Unlike larger companies, smaller companies do not have the luxury of turning on the capital spigot at will. Without a sustained investor relations program, not much water comes out, and the water that does drip down might not be wise to drink. So, a small company must proactively build its own flow of educated investors to ensure that there’s a ready and willing audience when it’s time to raise capital.
Fundamental investors are more likely to invest at attractive terms, but desirable investors need high conviction and confidence to be comfortable investing in a microcap stock which frequently requires a longer term commitment. No matter how compelling a CEO is, the ability to instill that level of conviction in just one meeting is a tall order. More frequently, investor enthusiasm and confidence is built over time.
At IMS, we regularly help clients secure equity financing at extremely attractive terms. Some keys to this success are:
· Build and consistently refresh the stream of interested investors – Focus investor targeting on educating investors who can purchase shares in the open market. Importantly, these investors are also the best candidates to provide new capital down the road. Furthermore, selectively build relationships with larger investors who are limited in their ability to purchase open market shares, but can establish a position via block purchases.
· Tap into your ready-made pool of investors when capital needs arise – Consistent and credible investor relations groundwork pays huge dividends when it comes time to accessing capital. A few examples:
A client needed $15 million in equity to secure a transformative acquisition. Three shareholders who were introduced to the company by IMS welcomed the opportunity to enhance their ownership and moved quickly because they were educated about the business. The capital was raised at very attractive terms.
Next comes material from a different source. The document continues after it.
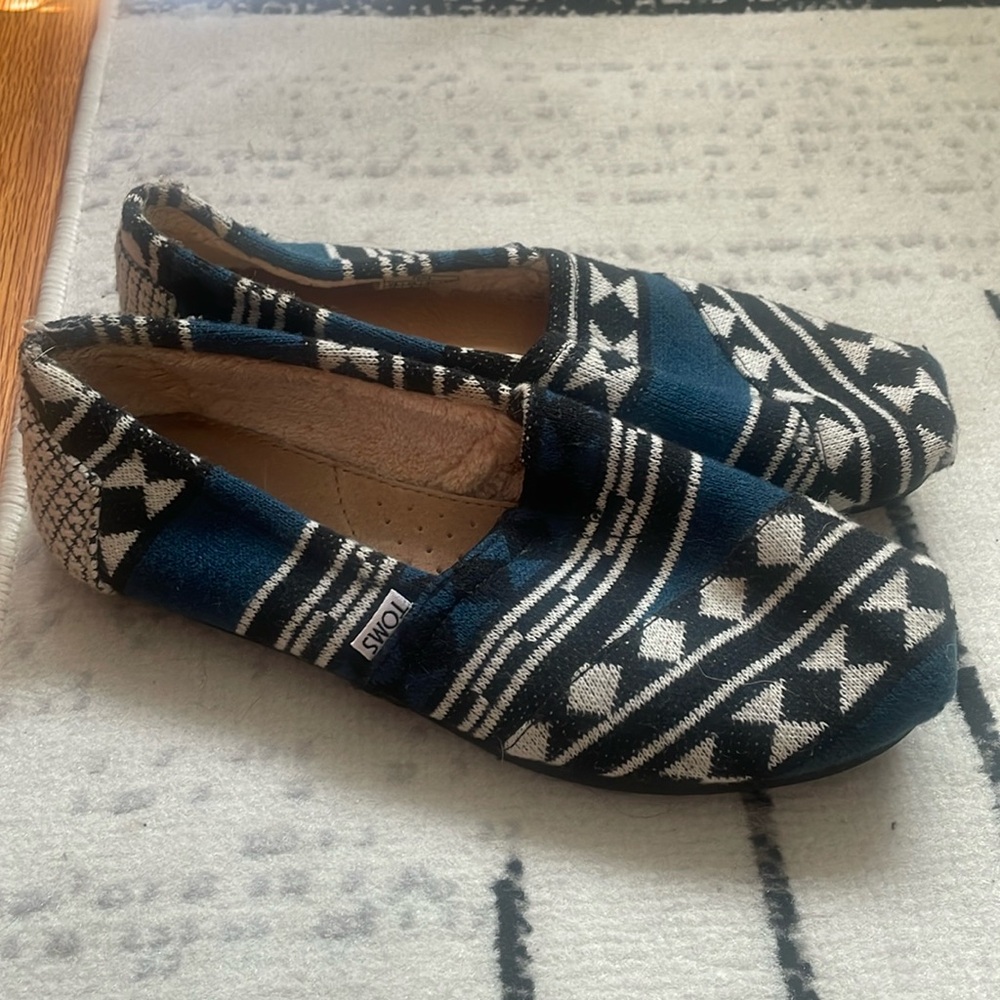Fleece-lined Tom’s Slip Ons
IMS was engaged by a small military contractor and quickly helped the company build relationships with numerous quality investors via roadshows and phone introductions. Months later, the company completed a small, fully-registered deal, with a meaningful percentage of the investors coming from its previous investor relations activity.
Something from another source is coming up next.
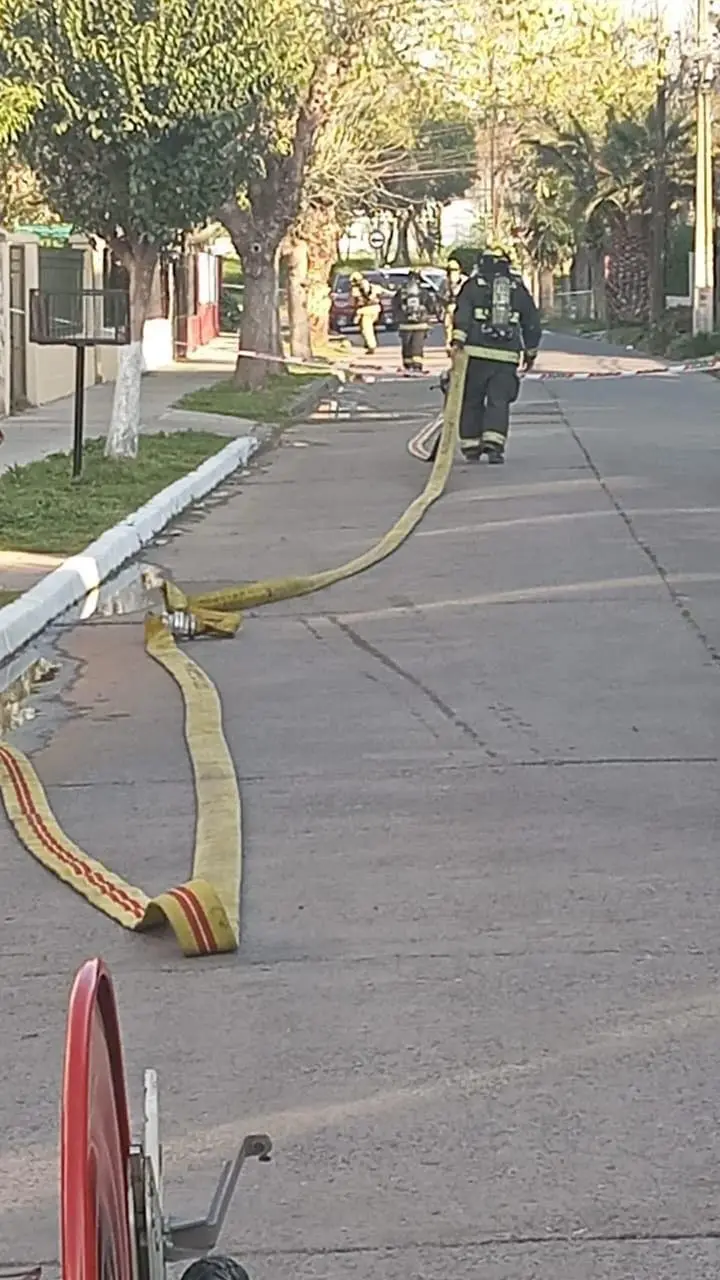 Bomberos en la Población INSA en Maipú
· Keep the capital structure simple – Complicated structures with preferred and convertible shares, while attractive on paper, can limit equity trading and become an easy excuse for an investor not to purchase common stock. Companies who employ simple capital structures raise capital faster and at better terms.
The right capital is out there. Effortlessly tapping into that capital at the right time can be a massive return on investment of a thoughtful investor relations program.